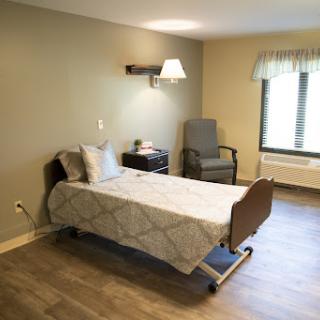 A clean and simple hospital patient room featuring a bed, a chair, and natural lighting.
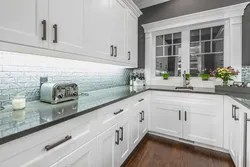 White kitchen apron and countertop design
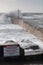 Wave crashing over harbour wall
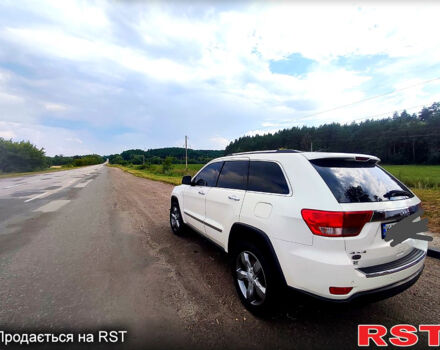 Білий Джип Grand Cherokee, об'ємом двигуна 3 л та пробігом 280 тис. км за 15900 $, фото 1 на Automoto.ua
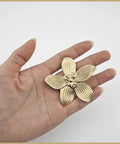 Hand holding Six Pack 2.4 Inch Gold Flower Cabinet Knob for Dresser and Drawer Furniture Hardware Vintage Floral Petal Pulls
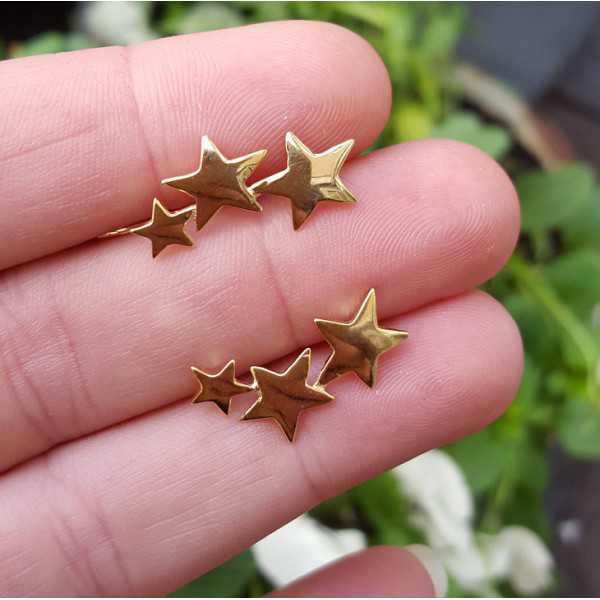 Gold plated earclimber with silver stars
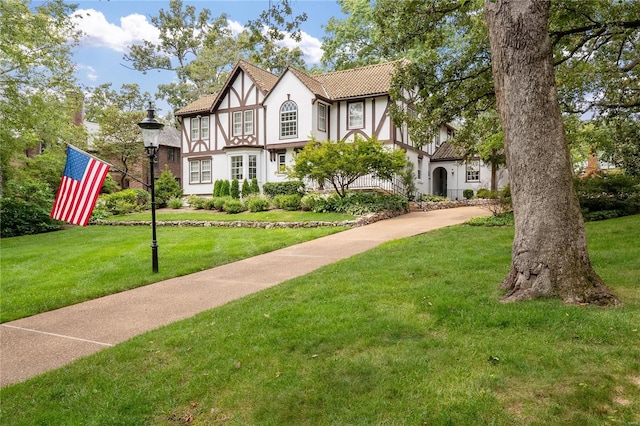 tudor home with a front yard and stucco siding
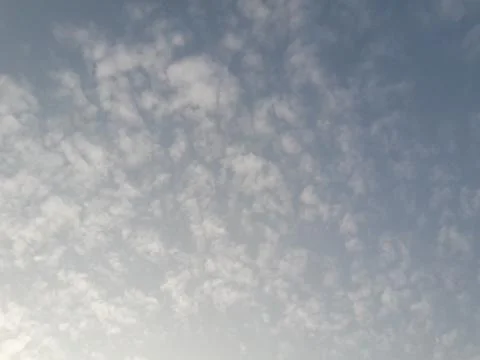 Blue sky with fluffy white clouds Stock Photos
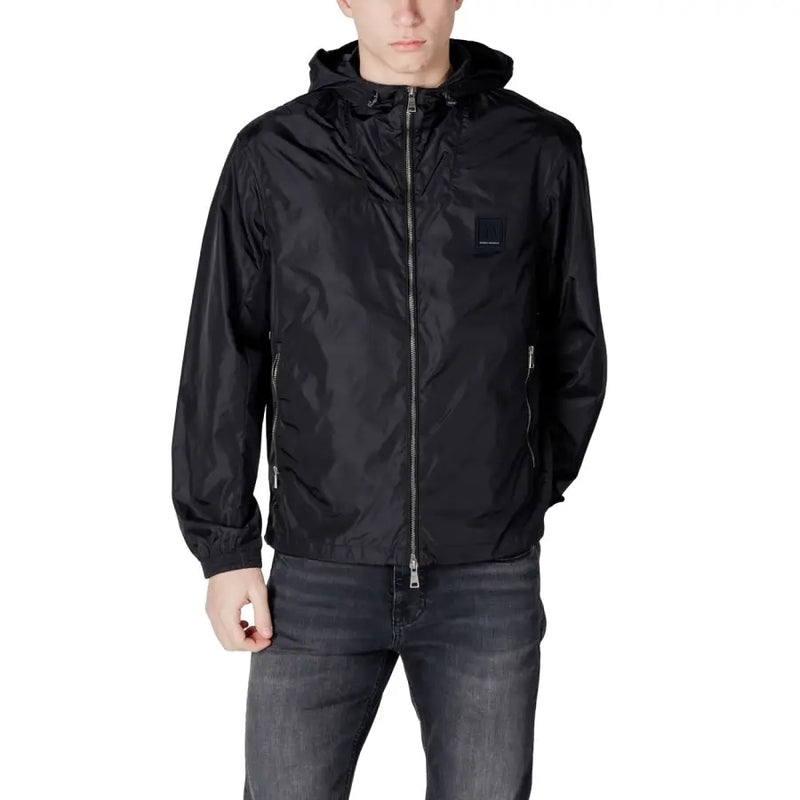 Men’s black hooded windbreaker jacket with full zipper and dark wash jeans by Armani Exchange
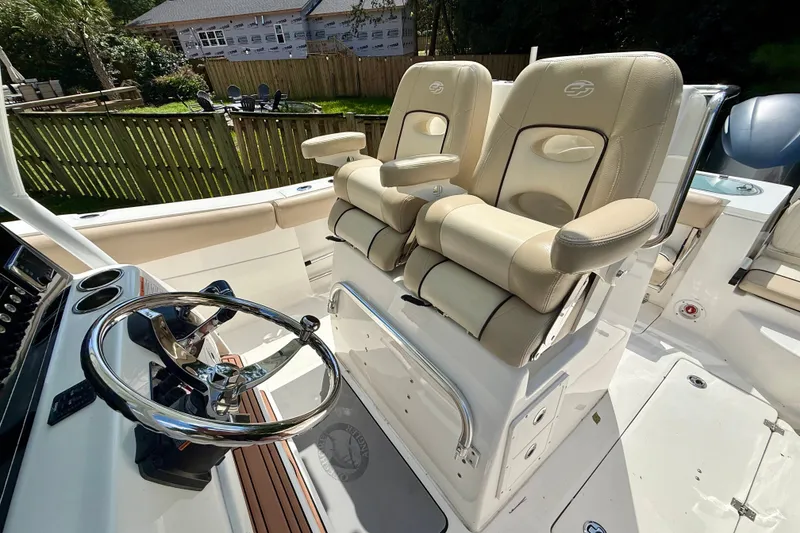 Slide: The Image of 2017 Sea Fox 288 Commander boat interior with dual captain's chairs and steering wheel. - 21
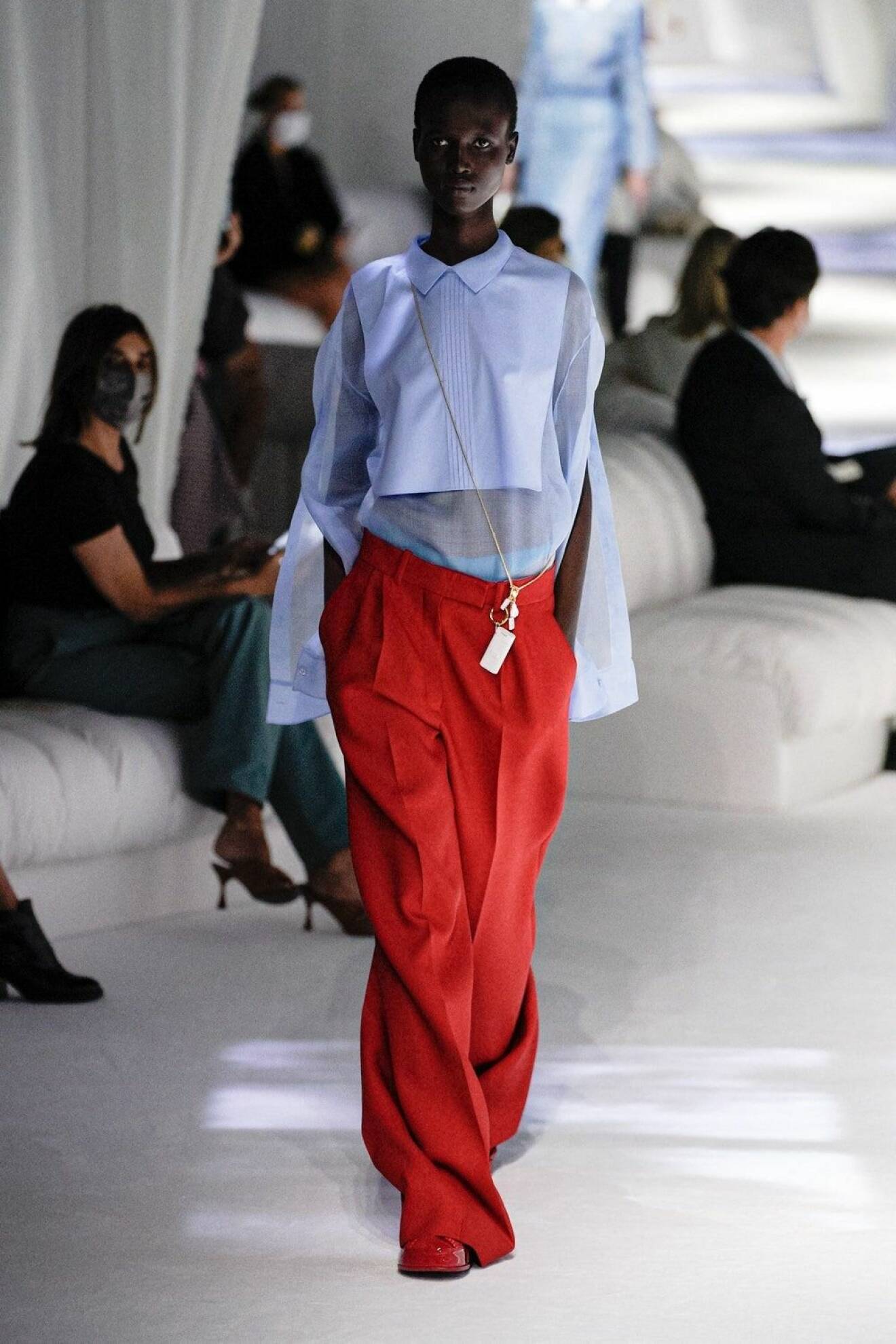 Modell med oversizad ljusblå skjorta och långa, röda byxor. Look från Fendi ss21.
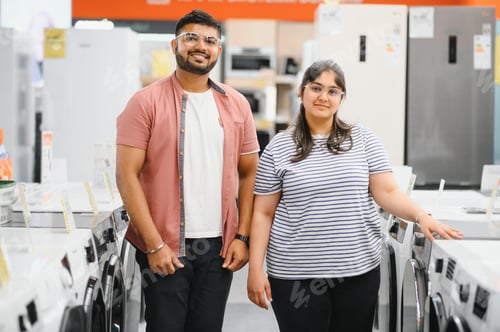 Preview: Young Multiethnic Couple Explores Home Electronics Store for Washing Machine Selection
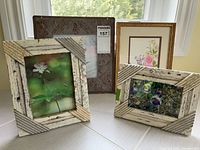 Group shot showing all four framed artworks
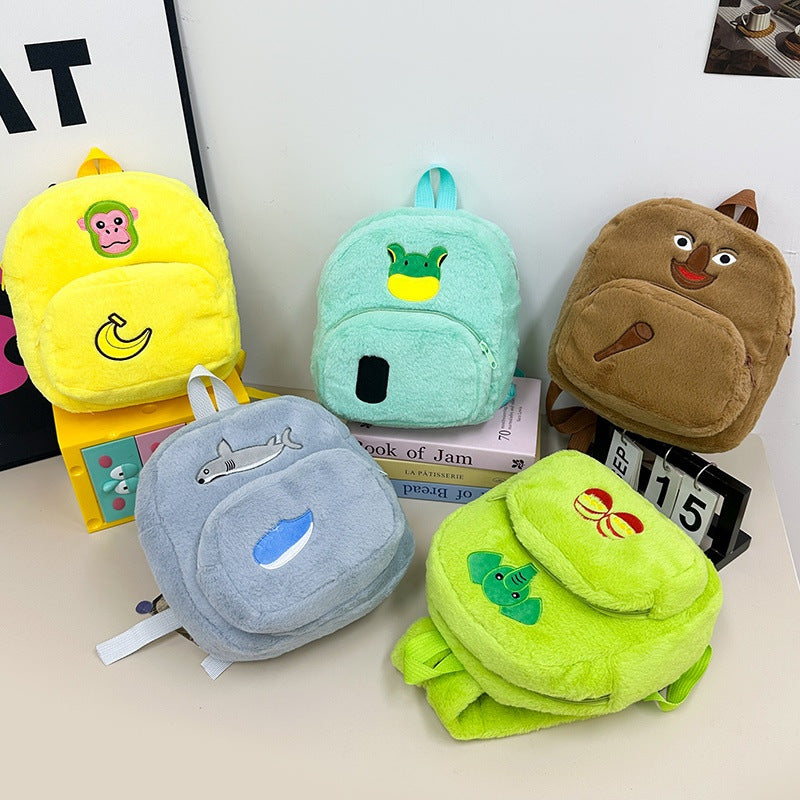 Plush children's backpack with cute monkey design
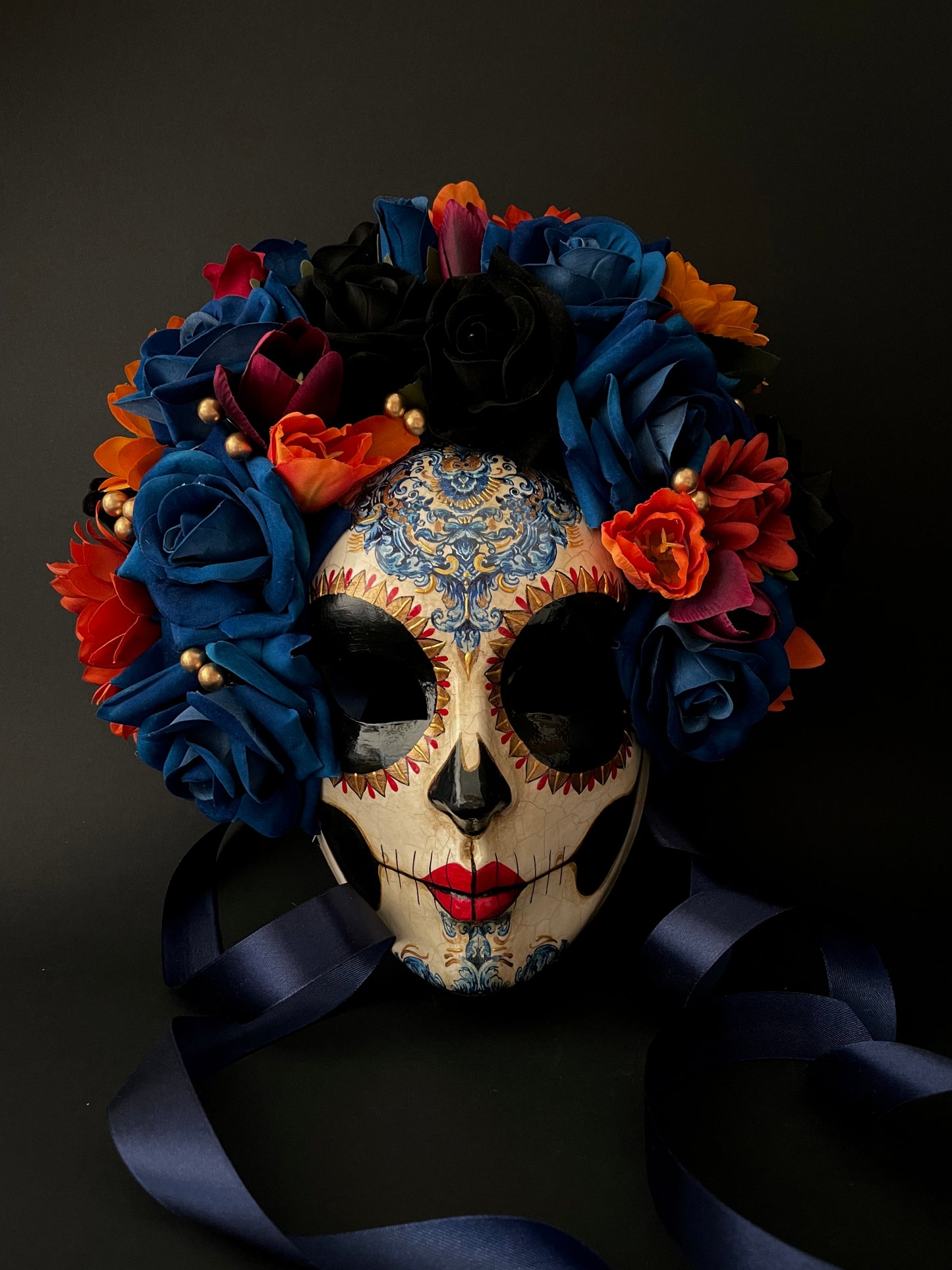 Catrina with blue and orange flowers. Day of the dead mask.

----

Work order :: Set down every record above exactly as it stands, but skip the pictures.

Answer box ::
 A clean and simple hospital patient room featuring a bed, a chair, and natural lighting.
 White kitchen apron and countertop design
 Wave crashing over harbour wall
 Білий Джип Grand Cherokee, об'ємом двигуна 3 л та пробігом 280 тис. км за 15900 $, фото 1 на Automoto.ua
 Hand holding Six Pack 2.4 Inch Gold Flower Cabinet Knob for Dresser and Drawer Furniture Hardware Vintage Floral Petal Pulls
 Gold plated earclimber with silver stars
 tudor home with a front yard and stucco siding
 Blue sky with fluffy white clouds Stock Photos
 Men’s black hooded windbreaker jacket with full zipper and dark wash jeans by Armani Exchange
 Slide: The Image of 2017 Sea Fox 288 Commander boat interior with dual captain's chairs and steering wheel. - 21
 Modell med oversizad ljusblå skjorta och långa, röda byxor. Look från Fendi ss21.
 Preview: Young Multiethnic Couple Explores Home Electronics Store for Washing Machine Selection
 Group shot showing all four framed artworks
 Plush children's backpack with cute monkey design
 Catrina with blue and orange flowers. Day of the dead mask.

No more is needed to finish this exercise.